Voici un extrait sur une phrase de Cimbalom, d’abord sans, puis avec.
Du son
Revenons à nos pianos, et au nouveau modèle. Les précédents tests sur les pianos utilisant de l’échantillonnage ou des modèles hybrides ont fait entendre pour la plupart des Steinway, on pourra donc comparer les différents fichiers d’une même pièce.
Avant toute chose, la grande force de la modélisation, sa gestion de la dynamique sans aucun à coup, ni changement intempestif de timbre ou saut de vélocité.
On peut aussi apprécier la résonance sympathique, via cet exemple faisant entendre quelques notes jouées par-dessus un accord plaqué mais non entendu, les notes faisant vibrer les cordes dont les étouffoirs sont ainsi en position haute (un principe utilisé en musique contemporaine).

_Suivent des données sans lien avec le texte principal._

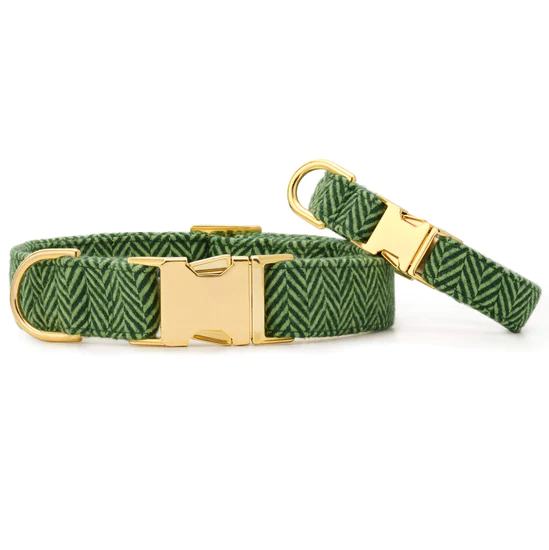 Foggy Dog Green Herringbone Flannel Dog Collar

Malgré toutes leurs qualités, les concurrents pur sampling ou hybrides n’arrivent pas à lutter sur ces points particuliers…
On va continuer avec quelques exemples plus musicaux, notamment cette pièce de Rimski-Korsakov, utilisant le programme D4 Classical Recording BA, puis le D4 Classical BA (moins réverbéré).
Toujours dans la douceur, avec le programme D4 Impressionist :
Un autre exemple le fait entendre dans une sonorité plus punchy et présente, avec le préset D4 Bebop.
Autre ambiance sonore, ce boogie, et un préset D4 Jazz puis d’un D4 Out Of Tune trafiqué, qui placerait presque le modèle entre 1/4 de queue et piano droit.
Même préset D4 Jazz, puis D4 Classical pour un exemple utilisé dans quasi tout les tests de pianos virtuels.
L’exemple suivant utilise deux pianos, l’un pour la rythmique, l’autre pour le thème (D4 Classical et K1 Close Mic).
Bilan
Indéniablement, le D4 est un argument de poids dans la motivation d’un choix entre piano modélisé-piano échantillonné. Sans compter ce qui fait vraiment la force du Pianoteq, c’est-à-dire le réalisme de la réponse au jeu et le comportement sonore du piano (résonance sympathique, réponse à la vélocité, pédales, génération des harmoniques, etc.). La nouvelle réverbe à convolution fait aussi son effet, en donnant un espace aux sonorités parfois sèches du piano, avec un réalisme agréable, en tout cas plus probant que la réverbe précédente. Les effets seront aussi parfaitement adaptés aux modélisations de pianos électriques et électro-acoustiques, voire aux clavecins, cimbalom et autres « claviers » plus rares, pour des sonorités du type de celles utilisées par John Barry, Morricone ou Roy Budd.
Cependant, il reste parfois à l’oreille comme un sentiment d’incomplétude, notamment dans le registre grave, parfois trop clair. Et de temps en temps, certaines attaques semblent aussi trop présentes. Mais ce sentiment est nettement moins présent que dans les versions précédentes.
Bref, ce qui est évident, c’est que les versions « pur sampling » en revanche sont maintenant dépassées. De son côté, Pianoteq 4 montre encore une nouvelle avancée dans cette approche unique qu’est la modélisation, avec une réussite indéniable, sans atteindre encore la perfection. Ce qu’on peut dire aussi, sur des critères différents, des versions hybrides à base d’échantillons et de modélisation. Il reste du chemin à parcourir pour les deux approches, mais quel progrès quand même, depuis les premières versions utilisant l’une et l’autre techniques. Une version de démo est disponible sur le site de l’éditeur, n’hésitez pas à l’essayer si vous êtes à la recherche d’un piano virtuel, il y a de fortes chances que l’instrument vous séduise.